Stored records:
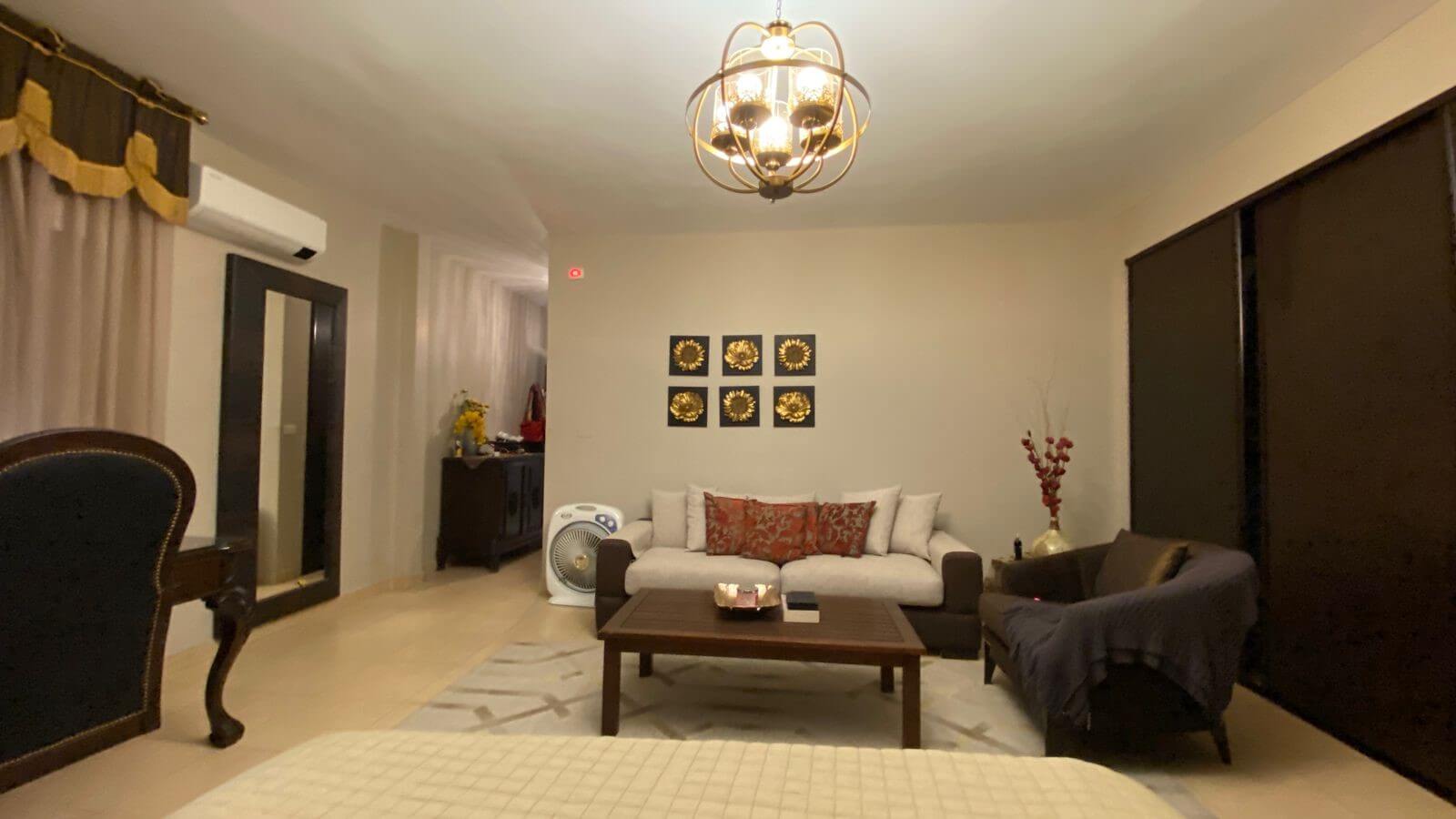 9d4b23d0-6777-43cc-883d-36d577b0d5e1 Living room with a white sofa and red patterned cushions, dark wood coffee table, and a matching dark armchair; wall art of six gold sunflowers above the sofa.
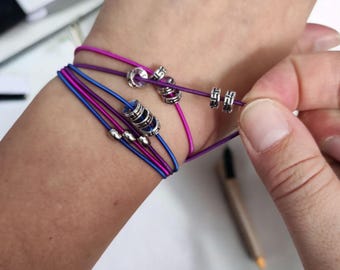 Pulsera metálica antiestrés con cuentas deslizantes - Joyería para aliviar el estrés
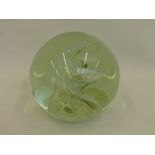 A large glass paperweight/doorstop.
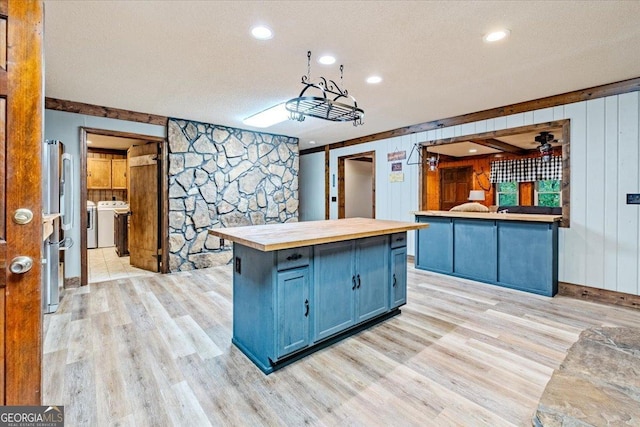 kitchen with wood counters, a center island, blue cabinets, light hardwood / wood-style flooring, and a textured ceiling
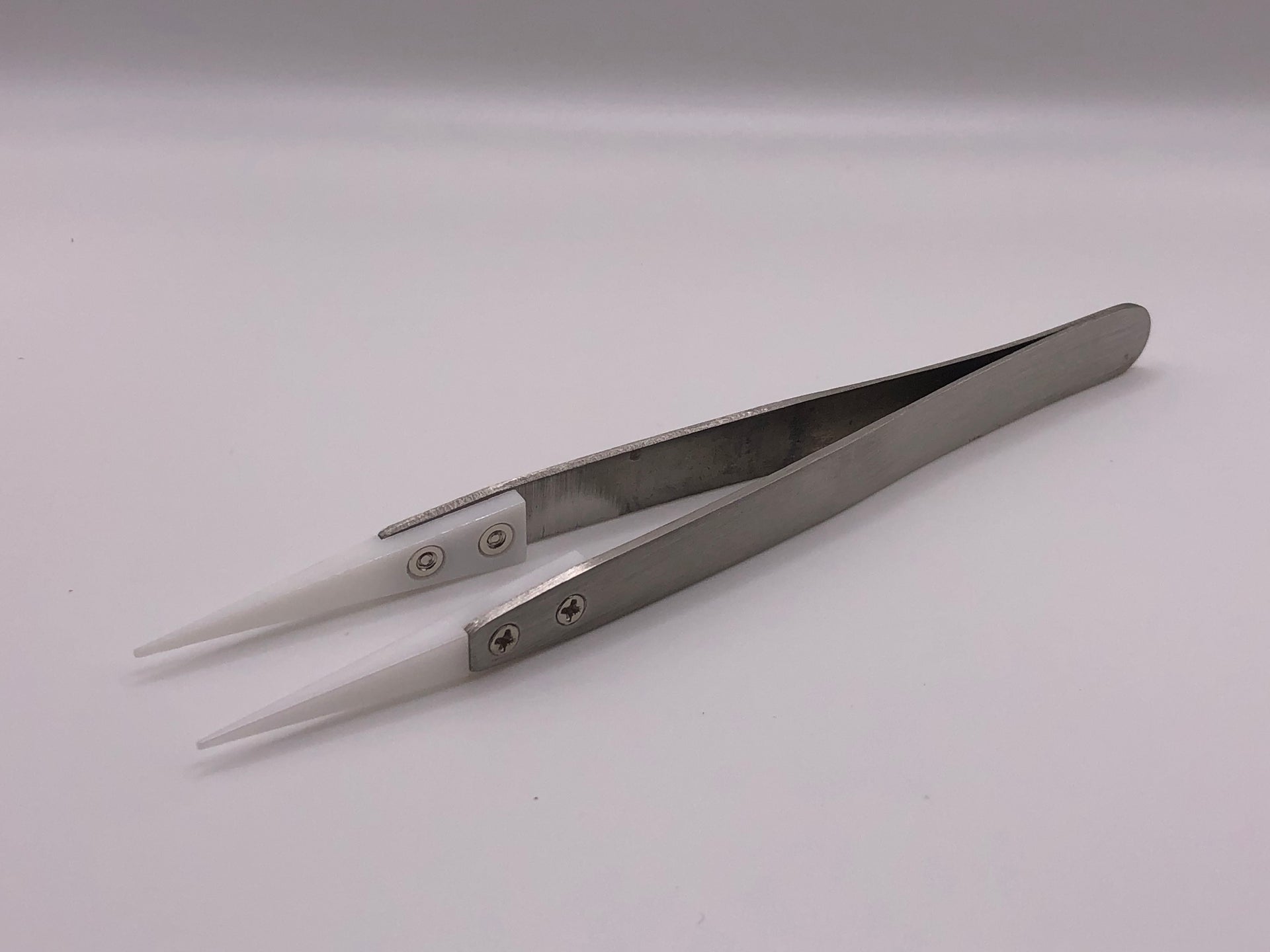 Fine-point stainless steel tweezers with white ceramic heat-resistant tips, ideal for precise model railway detailing work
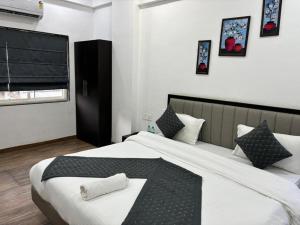 a bedroom with a large bed with two towels on it at Sunny Executive in Satara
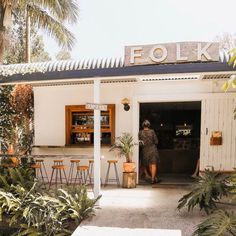 a woman standing in front of a white building with palm trees and plants around it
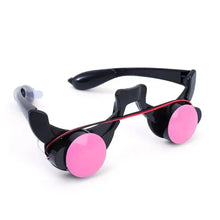 Lunettes halloween à yeux rouges lumineux avec monture plastique noire, verres circulaires roses et bande élastique rouge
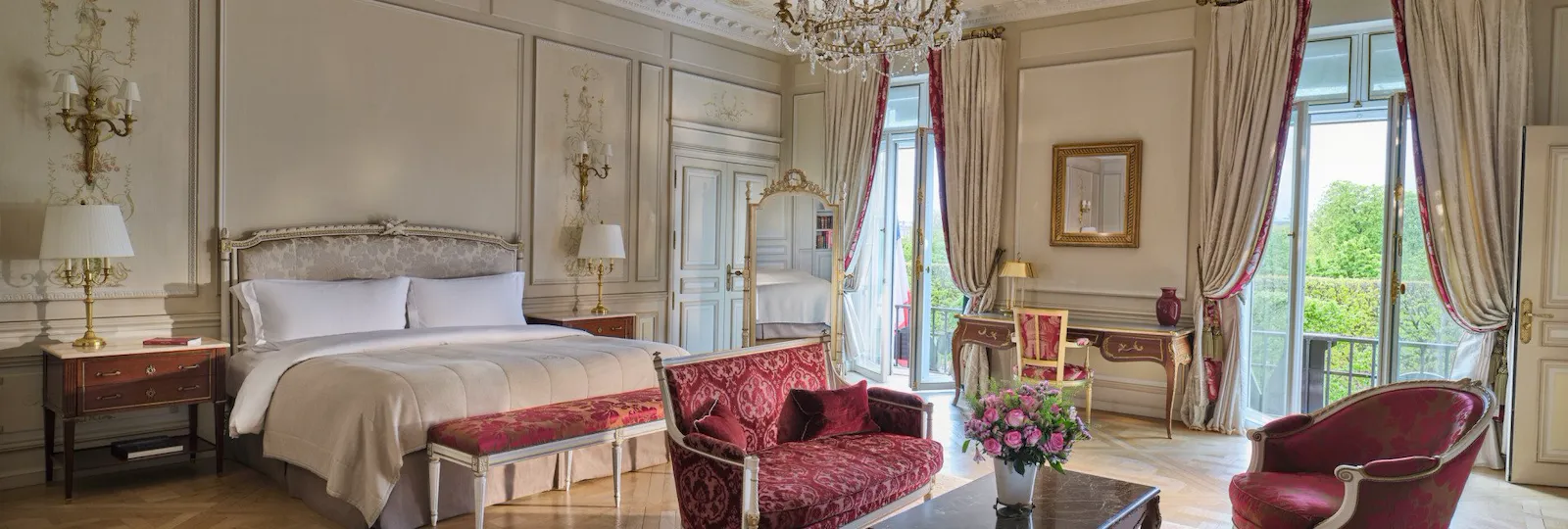 Large view of the Presidential Suite Dali with in first plan the furnitures of a living room like the couch, the rug and the chairs, and in the background the bed and the mirror, at Le Meurice, Paris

**WHAT IS NEEDED**
Each record should be copied exactly, and each image left out.

**RESPONSE BELOW**
 9d4b23d0-6777-43cc-883d-36d577b0d5e1 Living room with a white sofa and red patterned cushions, dark wood coffee table, and a matching dark armchair; wall art of six gold sunflowers above the sofa.
 Pulsera metálica antiestrés con cuentas deslizantes - Joyería para aliviar el estrés
 A large glass paperweight/doorstop.
 kitchen with wood counters, a center island, blue cabinets, light hardwood / wood-style flooring, and a textured ceiling
 Fine-point stainless steel tweezers with white ceramic heat-resistant tips, ideal for precise model railway detailing work
 a bedroom with a large bed with two towels on it at Sunny Executive in Satara
 a woman standing in front of a white building with palm trees and plants around it
 Lunettes halloween à yeux rouges lumineux avec monture plastique noire, verres circulaires roses et bande élastique rouge
 Large view of the Presidential Suite Dali with in first plan the furnitures of a living room like the couch, the rug and the chairs, and in the background the bed and the mirror, at Le Meurice, Paris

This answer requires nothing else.